Turing Test Easter Egg August 4, 2011

Contestants in the Ideological Turing Test adopted a lot of different strategies, but I don’t know if anyone else was using mine. My college friends rib me a lot about my Mass attendance and apologetic readings; when I explain a bit of my theology readings, I often get sarcastic “When are you converting already?” So, when I sat down to write my Christian answers, I decided to give them a preview. Instead of imitating others and inventing a persona, I tried to answer quasi-honestly, giving the answers I would give if I had just decided the balance of proof lay on the Christian side. You can take a look back to get a sense of alternate-universe Leah, but the topic of today’s post is what I had to leave out of those answers.

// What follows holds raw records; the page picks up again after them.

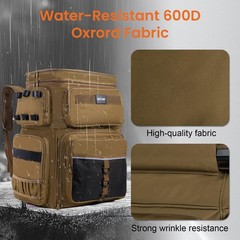 66L Rolling Tackle Box & Cooler, Khaki Fishing Bag with Wheels & Rod Holder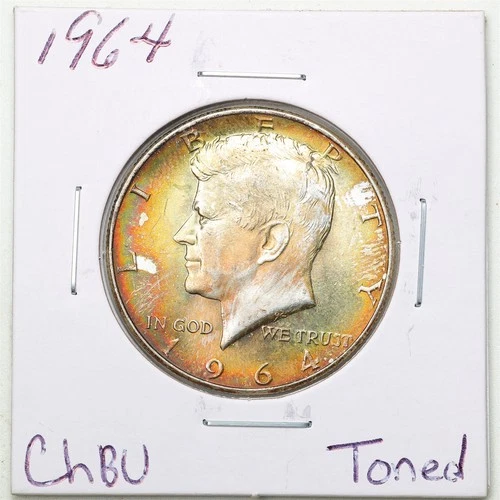 1964 50C Kennedy Half Dollar in Choice BU Condition #6478 Toned
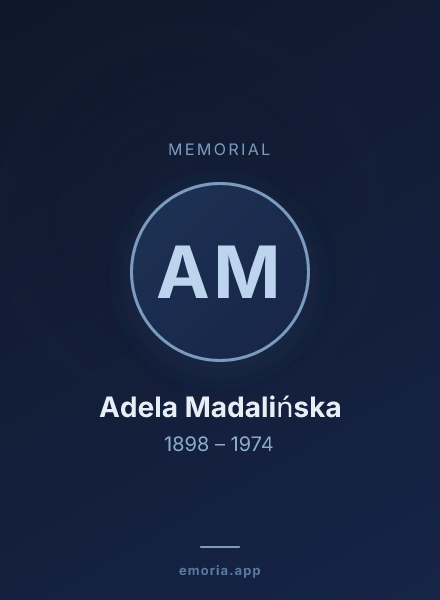 Memorial portrait of Adela Madalińska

As is often the case, I was in a sci-fi frame of mind when I tried to tackle the four Christian answers in the Ideological Turing Test, so, when I thought about the second question (What evidence or experience (if any) would cause you to stop believing in God?), I starting thinking about extraterrestrial, sentient life.  Doesn’t everyone?

I tried to imagine how I would react, if I were a Christian, to news of extraterrestrial, sentient life.  If they had a religion much like Christianity, if they had had their own Incarnation, that would be a lot to assimilate, but would also feel like strong evidence for my universal faith.  But if they hadn’t…

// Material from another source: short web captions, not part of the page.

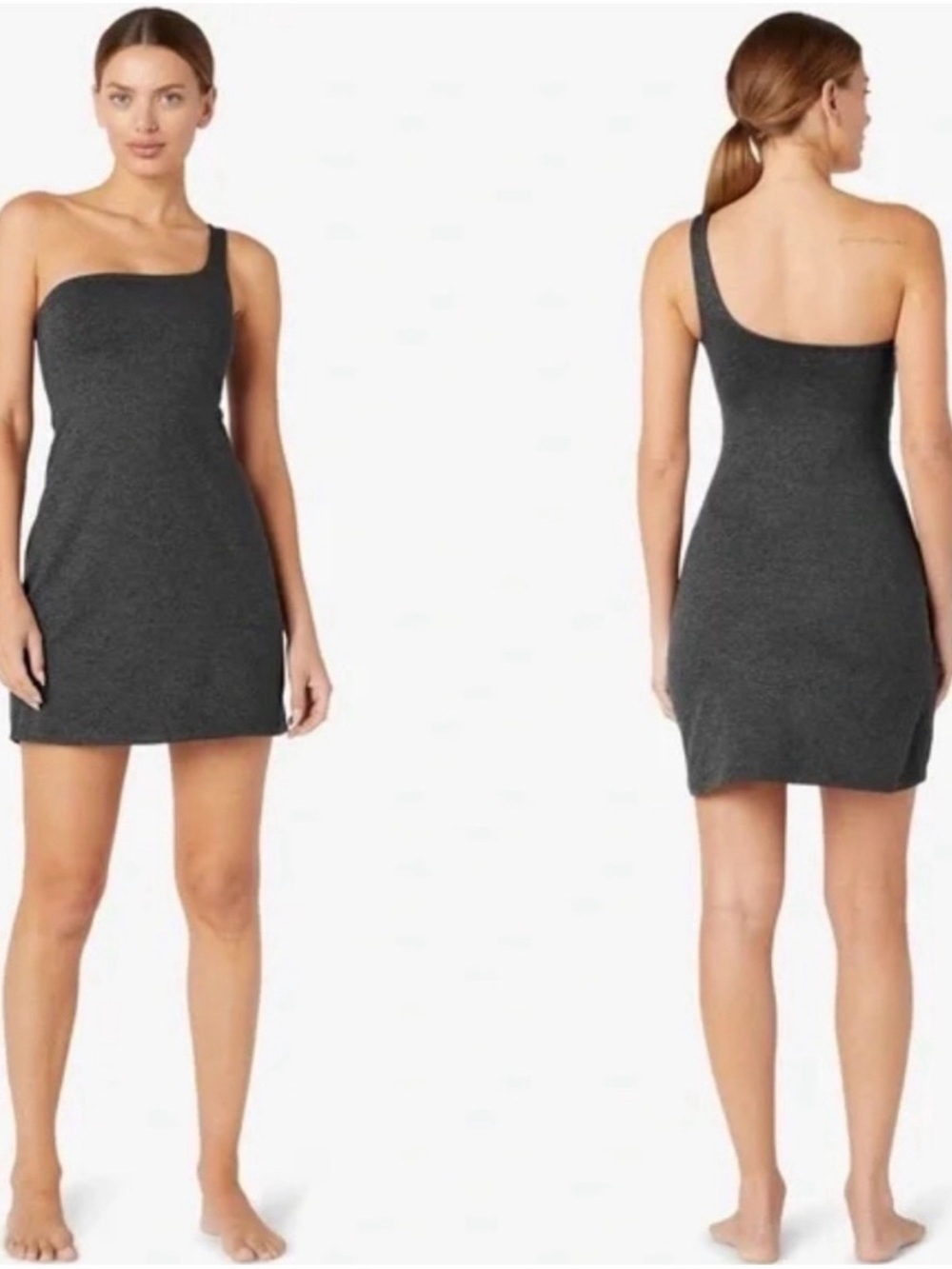 Beyond Yoga Spacedye One & Only One Shoulder Tennis Active black Dress $99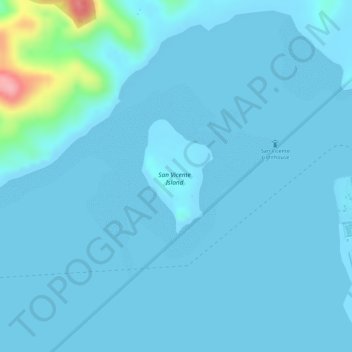 Topografische Karte San Vicente Island, Höhe, Relief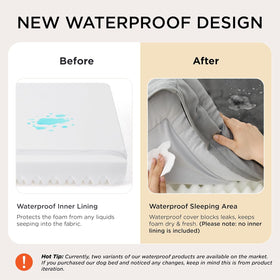 Bedsure Orthopedic Dog Bed Medium Size Dogs - Washable Small Medium Dog Cat Bed Waterproof, Comfort Cats Couch Sofa with Washable Removable Cover, Pets Bed with Nonskid Bottom, Grey, 28"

What if they had no knowledge of Christianity’s tenets?  What if they worshiped a brawling pantheon, Nature personified, or nothing at all?  What if they were from Krikkit?

I could imagine answers to these questions.  They might have been isolated up til now, but now Homo sapiens had the privilege and responsibility of bearing to them the Light of the World, the Word made Flesh.  Presumably they were in the position of the Gentiles, they were without sacraments or experience of God but had moral law written on their hearts for a guide.  Now, interstellar travel would bring them into the fullness of life with God.  The timing and mechanism of their awakening might appear arbitrary or unfair, but that was only our perspective from inside time.

I could think of these answers because they, or their variants are usually applied to questions about isolated tribes or, oh, anyone who died before the Incarnation (or who lived outside the light cone of the original evangelists).  If, as a Christian, I found the extraterrestrial hypothetical faith-shaking, I don’t see how I would withstand its parallel here on earth, so I had to cut it out of my good-faith, if-I-were-a-Christian answers.